# Exercise data:
━━━━

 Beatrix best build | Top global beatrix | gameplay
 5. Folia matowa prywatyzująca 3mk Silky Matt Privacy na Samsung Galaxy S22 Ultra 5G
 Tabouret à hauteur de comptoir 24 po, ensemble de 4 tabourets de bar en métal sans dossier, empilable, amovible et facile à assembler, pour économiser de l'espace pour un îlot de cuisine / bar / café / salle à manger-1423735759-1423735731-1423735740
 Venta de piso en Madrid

━━━━

# Goal of the exercise:
Reproduce the material above exactly; please quote every line of it.

# Response area:
 Beatrix best build | Top global beatrix | gameplay
 5. Folia matowa prywatyzująca 3mk Silky Matt Privacy na Samsung Galaxy S22 Ultra 5G
 Tabouret à hauteur de comptoir 24 po, ensemble de 4 tabourets de bar en métal sans dossier, empilable, amovible et facile à assembler, pour économiser de l'espace pour un îlot de cuisine / bar / café / salle à manger-1423735759-1423735731-1423735740
 Venta de piso en Madrid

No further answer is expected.